In the late 80's the Baltimore Orioles were a struggling franchise that seemed to have had its heydays in the earlier part of the 80's winning the World Series in 1983 with the likes of future Hall of Fame players like Eddie Murray and Cal Ripken on the roster. Most of us have heard and/or witnessed the evolution of a professional sport team where they travel from the penthouse to the hen house in just a season or two.
At that time the Baltimore Orioles were playing in the old multipurpose Memorial Stadium that not only hosted the Orioles but also the Baltimore Colts. When it seemed like the negotiations to improve Memorial Stadium were not progressing fast enough, in 1984 the owner of the Baltimore Colts, Bob Ursay, under the cloak of darkness and under the threat of eminent domain surprisingly lined up 15 moving vans one night and moved the team to Indianapolis without notice.
Accepting that Memorial Stadium was sub standard and understanding that the Orioles needed a shot in the arm and the fear that they would also pull a 'Midnight Maneuver', the city assembled a committee to study what could be done to update the old Memorial Stadium to achieve a stronger appeal to the fans and ultimately bring more fans into the ballpark.
After three months it was determined that a plan to try to modify Memorial Stadium was hopeless and what was required was an entirely new facility. As the study continued, it became apparent that a single purpose sports facility was what was needed, but beyond that initial conclusion the committee decided it was necessary to go outside the box and re-think the entire need and goals.
Most towns during this period had found their 'Field of Dreams', not in a remote corn field in Iowa, but typically in the remote suburbs of the city that they served. The novel approach that Baltimore decided to pursue was to incorporate the new facility deep within the old part of the city as part of an urban renewal concept while trying to maintain the look and feel of that part of the city.
The photo above shows the construction site as it looked in 1989 with the many existing structures that needed to be removed. In the middle of this site there was a steel frame industrial building with overhead cranes that was on the location that would ultimately become third base at Camden Yards which was the baseball home of Cal Ripken. This is where he played to set the record of 2,632 consecutive games which is one record that most baseball men doubt can ever be toppled.

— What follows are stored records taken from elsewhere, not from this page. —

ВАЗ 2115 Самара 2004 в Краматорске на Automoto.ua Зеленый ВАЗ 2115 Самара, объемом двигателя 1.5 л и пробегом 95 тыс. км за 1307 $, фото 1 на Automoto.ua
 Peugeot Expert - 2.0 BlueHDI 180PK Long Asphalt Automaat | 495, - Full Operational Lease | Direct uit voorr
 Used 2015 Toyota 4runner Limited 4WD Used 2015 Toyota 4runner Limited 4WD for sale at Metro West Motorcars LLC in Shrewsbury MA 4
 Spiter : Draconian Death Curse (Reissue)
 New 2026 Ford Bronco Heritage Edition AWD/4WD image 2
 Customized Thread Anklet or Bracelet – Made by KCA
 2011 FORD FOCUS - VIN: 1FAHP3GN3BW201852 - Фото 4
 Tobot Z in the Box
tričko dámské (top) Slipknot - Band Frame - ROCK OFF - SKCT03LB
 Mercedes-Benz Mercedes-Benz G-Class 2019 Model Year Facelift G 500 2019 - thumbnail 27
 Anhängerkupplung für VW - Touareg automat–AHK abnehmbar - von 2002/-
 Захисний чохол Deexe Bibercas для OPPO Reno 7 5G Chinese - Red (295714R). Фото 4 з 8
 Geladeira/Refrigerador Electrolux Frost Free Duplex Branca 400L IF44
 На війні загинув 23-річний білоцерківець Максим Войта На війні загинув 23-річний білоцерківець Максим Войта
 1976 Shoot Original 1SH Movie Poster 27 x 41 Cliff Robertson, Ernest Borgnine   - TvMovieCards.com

One of the major advantages of a steel frame structure over alternative construction is that it can be removed without destruction and ultimately erected at a new site. In this case, this steel structure was removed from the area that would ultimately be Cal Ripken's 3rd base home to an industrial park in Forest Hill, Maryland which is a few miles from his hometown and the sites of the Cal Ripken Museum and of Cal Ripken Baseball.
The new building's owner would be using the facility to fabricate buckets for front end loaders. As his business grew, the versatility of structural steel, once again, became apparent with this structure as an additional bay was efficiently added to double the square footage of the original structure.